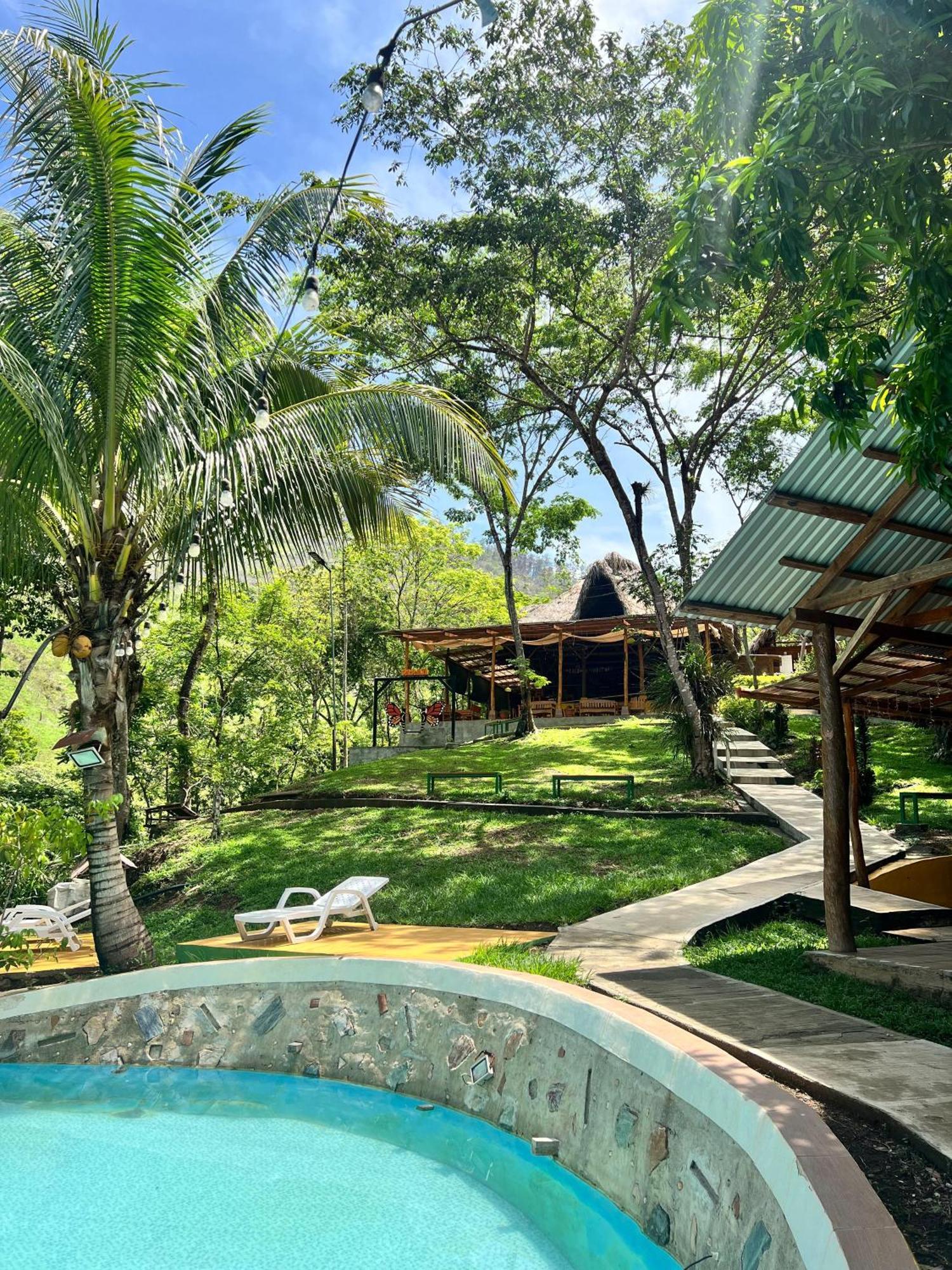 Lanquín Oasis The Traveler旅舍 外观 照片
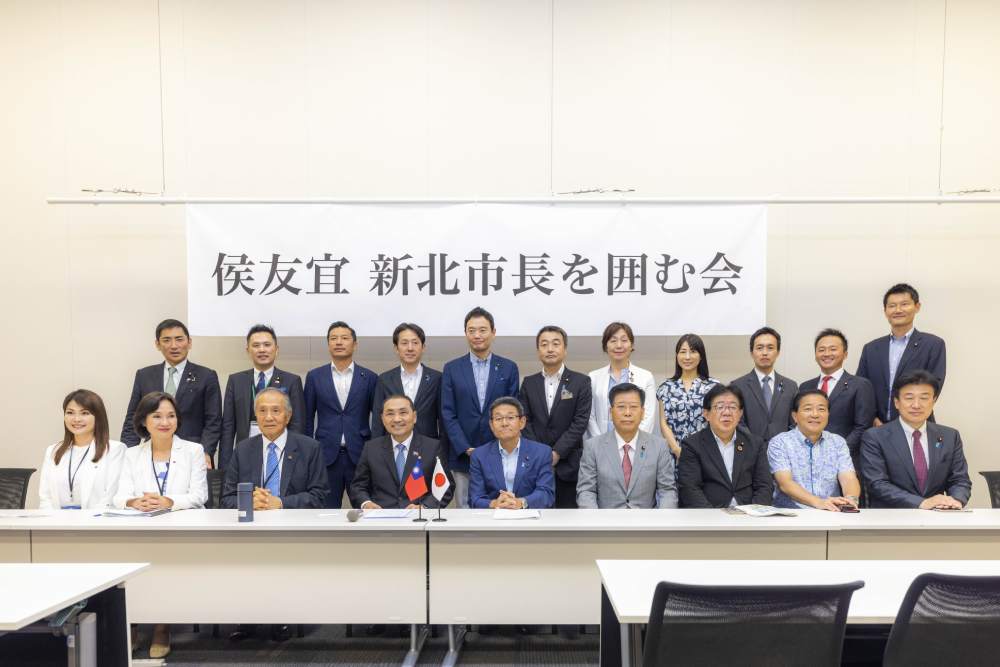 接受日媒專訪談兩岸 侯友宜:台灣未來前途由2300萬人決定 306 接受日媒專訪談兩岸 侯友宜:台灣未來前途由2300萬人決定 305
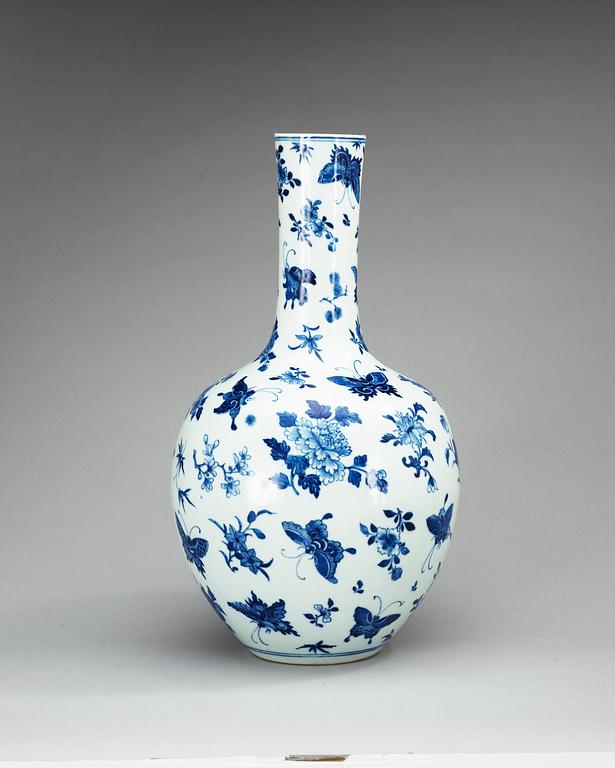 VAS, porslin. Qing dynastin, 1800-tal.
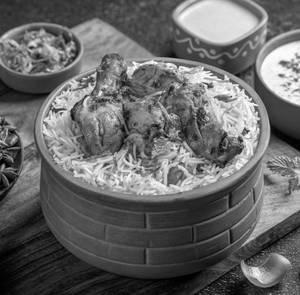 Chicken Dum Handi Biryani (750 Grams)(4 Pcs)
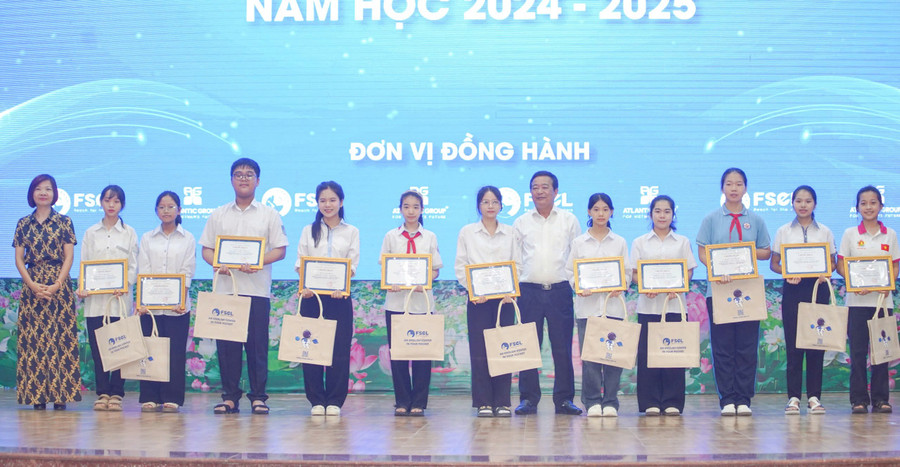 Ban tổ chức khen thưởng cho MM886 slot game, bắn cá, lô đề, đá gà đạt kết quả cao trong Tháng tự học tiếng Anh. Ảnh: Hồ Lài thang-tu-hoc-tieng-anh-8.jpg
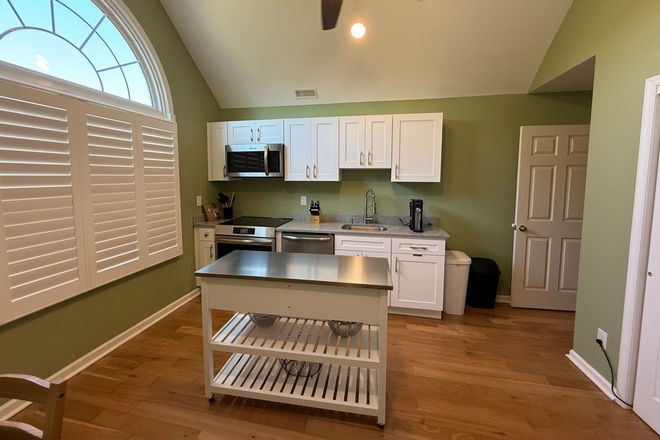 Brand New Kitchen - Furnished 2BR suite in home-Pennington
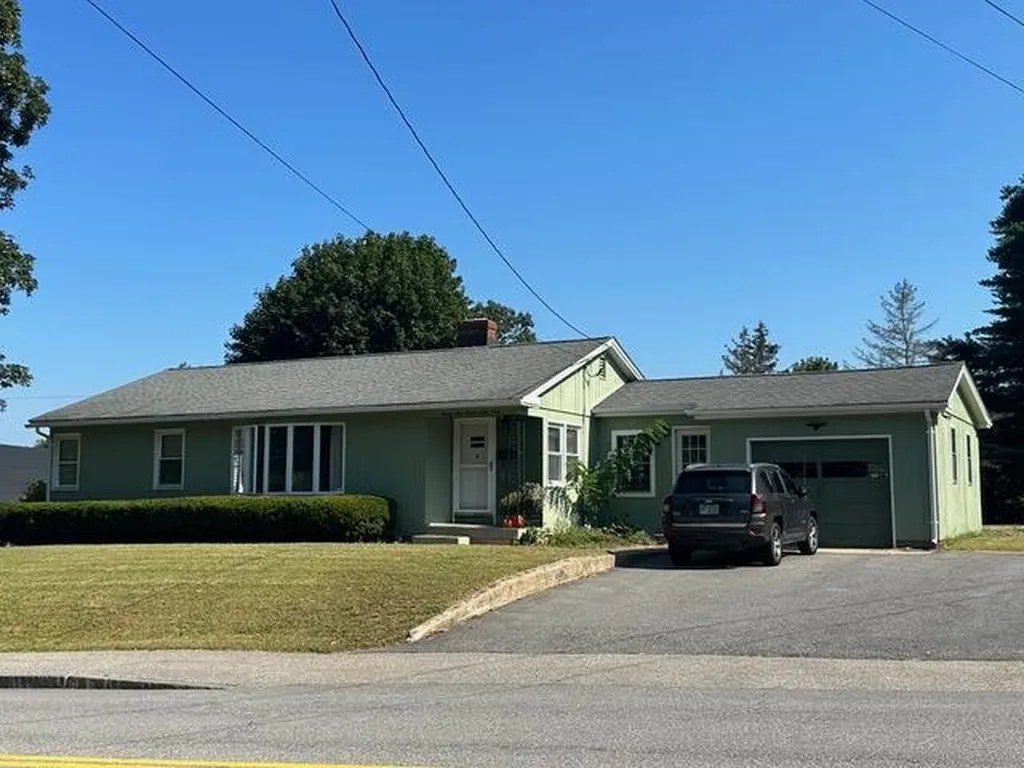 24 Packers Falls Road Newmarket NH 03857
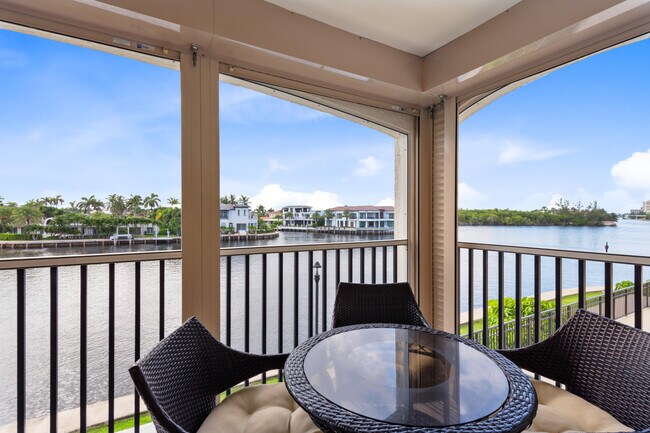 Foto del edificio - 2871 N Ocean Blvd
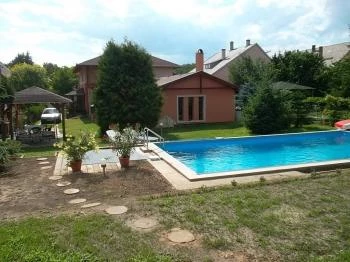 Virág Apartmanok Balatonboglár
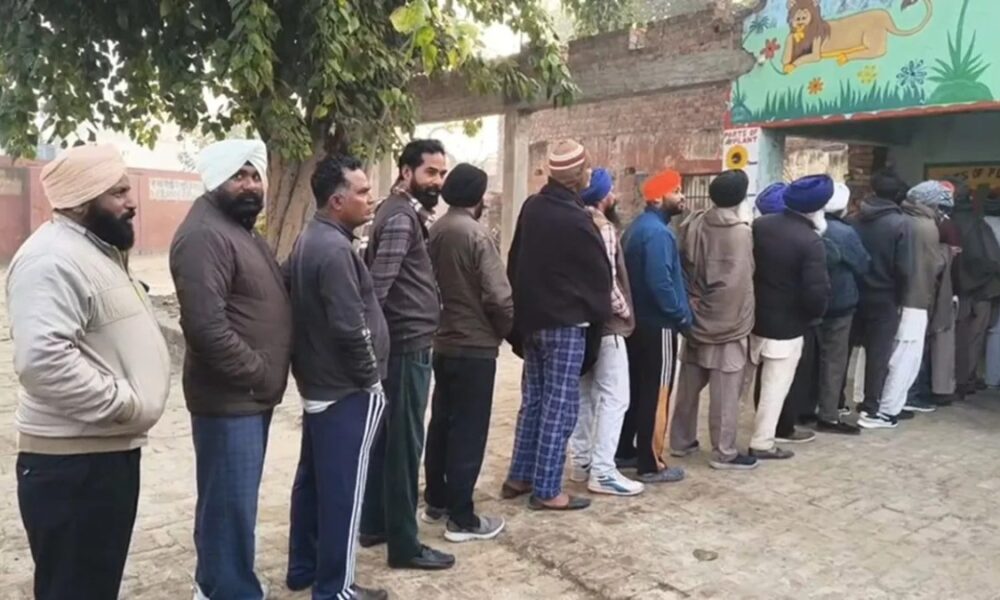 Punjab: जिला परिषद, पंचायत समिति चुनाव के लिए मतदान शुरू, 9,000 से अधिक उम्मीदवार मैदान में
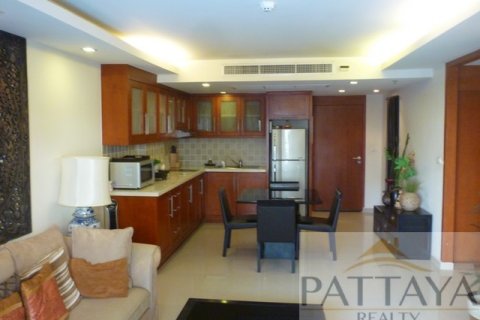 Condominio de 2 dormitorios en Pattaya, Tailandia № 242375 - foto 2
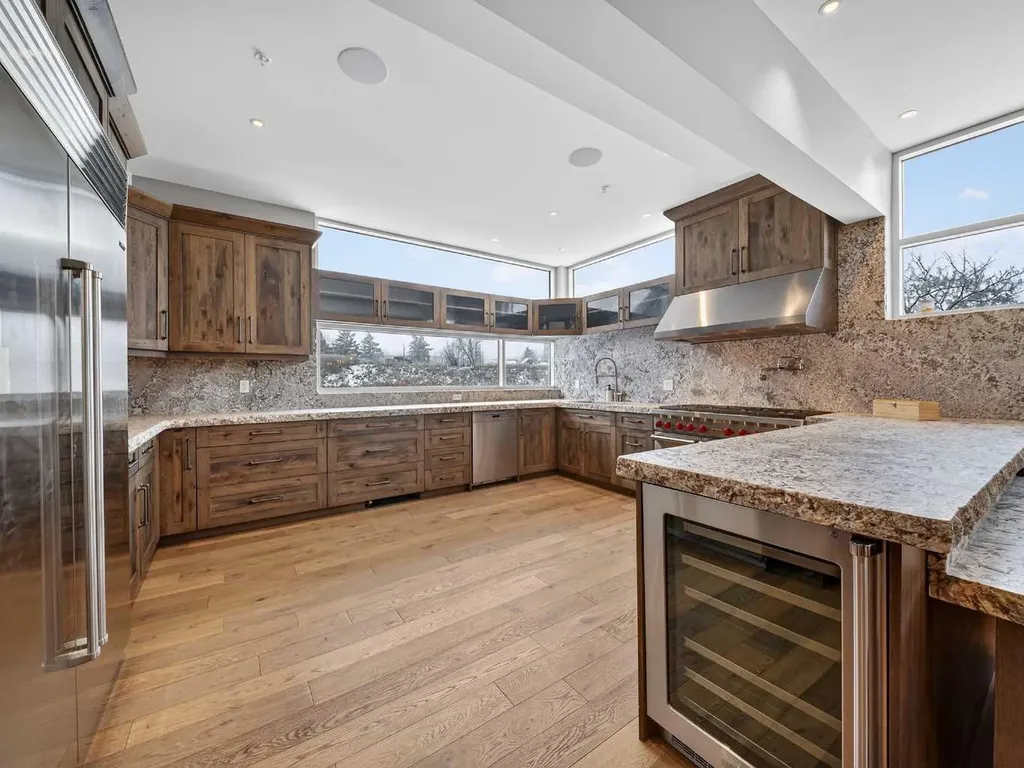 1015 11 Street SE Calgary AB T2T 2T2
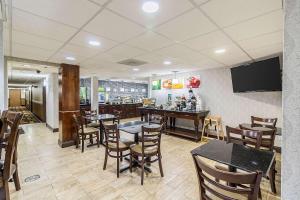 Restaurace v ubytování Quality Inn & Suites Arden Hills - Saint Paul North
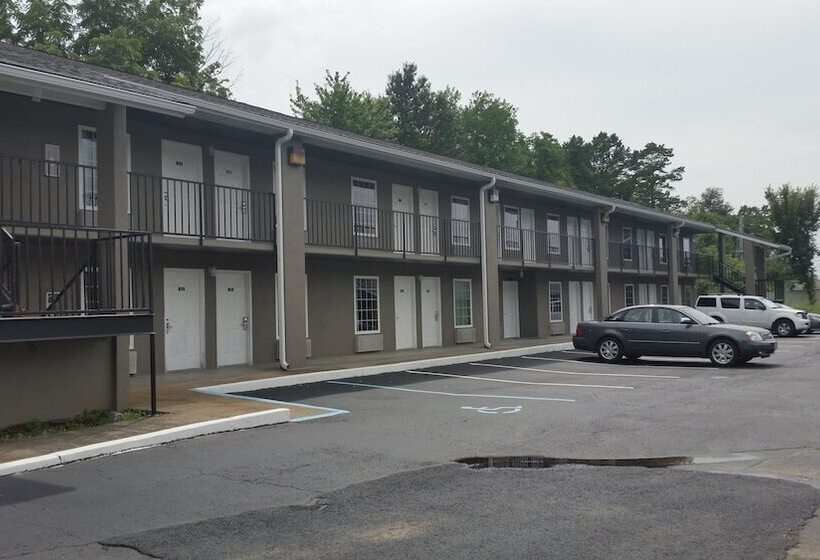 Мотель Town House Inn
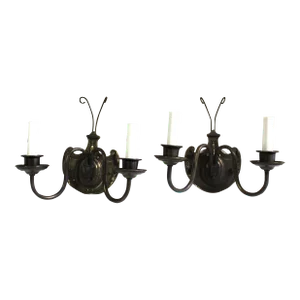 1990s Early American Style Sconces in Bronze - a Pair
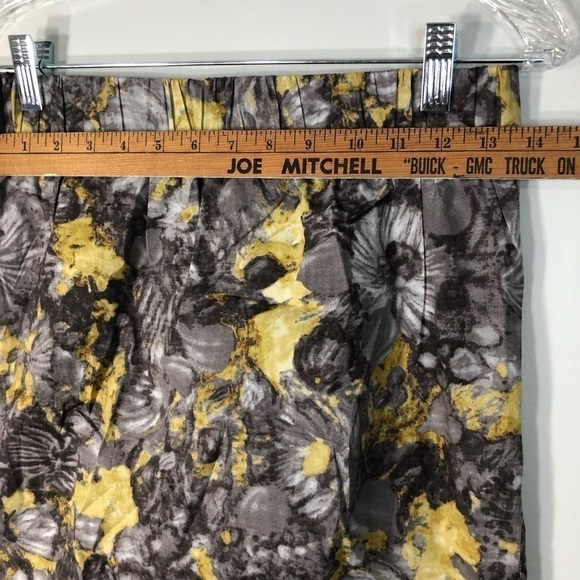 Talbots Floral Flower Print Elastic Waist Pull On Skirt Size 4P - Picture 3 of 7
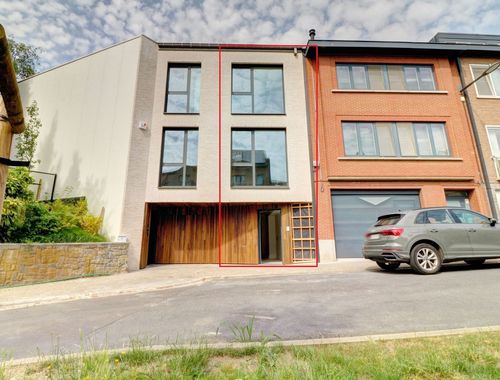                                         Woning te huur in Sint-Lambrechts-Woluwe, € 2.100
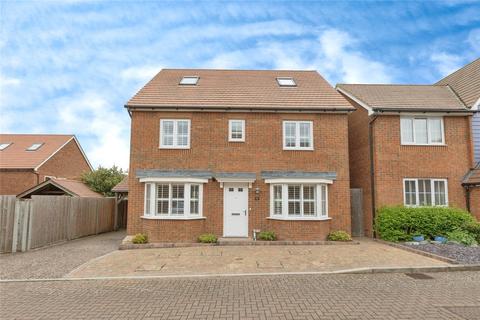 Ightham Close, Kent DA3 5 bed detached house for sale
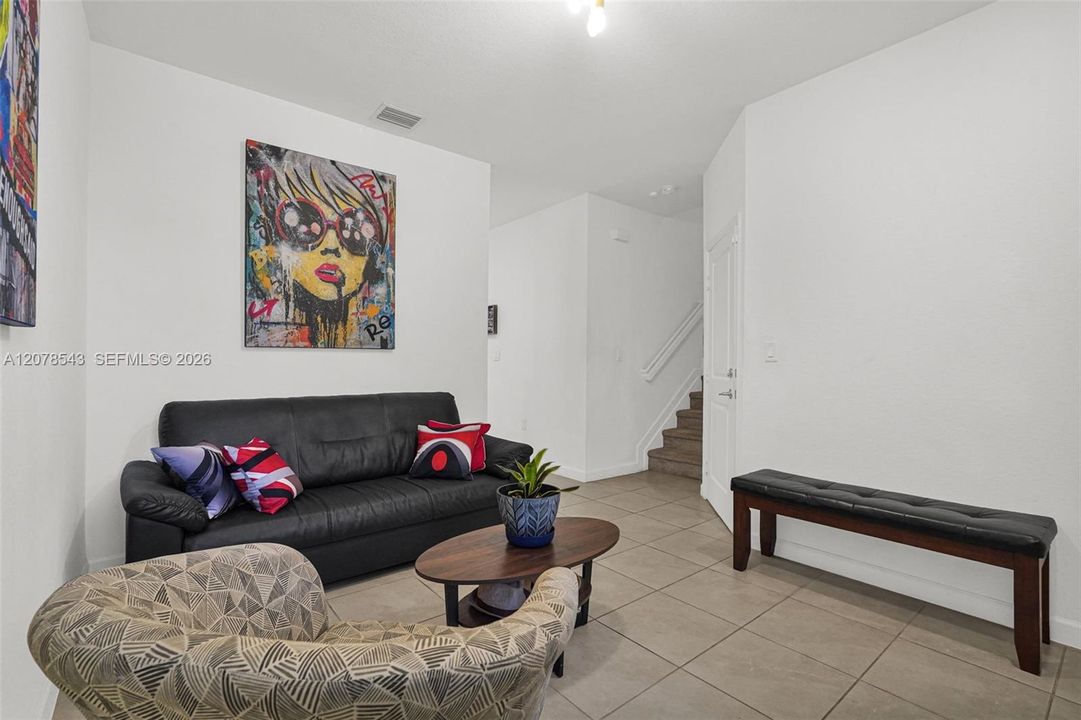 For Sale: $419,999 (4 beds, 2 baths, 1916 Square Feet)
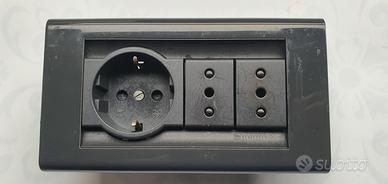 BTICINO LIVING CLASSIC COMPLETO 4740,SCHUKO 4 post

* **Work item**
Give back exactly the lines above that run from the one with "Virág Apartmanok Balatonboglár" to the one with "1990s Early American", including both, with the pictures left out.

* **Solution to the problem**
 Virág Apartmanok Balatonboglár
 Punjab: जिला परिषद, पंचायत समिति चुनाव के लिए मतदान शुरू, 9,000 से अधिक उम्मीदवार मैदान में
 Condominio de 2 dormitorios en Pattaya, Tailandia № 242375 - foto 2
 1015 11 Street SE Calgary AB T2T 2T2
 Restaurace v ubytování Quality Inn & Suites Arden Hills - Saint Paul North
 Мотель Town House Inn
 1990s Early American Style Sconces in Bronze - a Pair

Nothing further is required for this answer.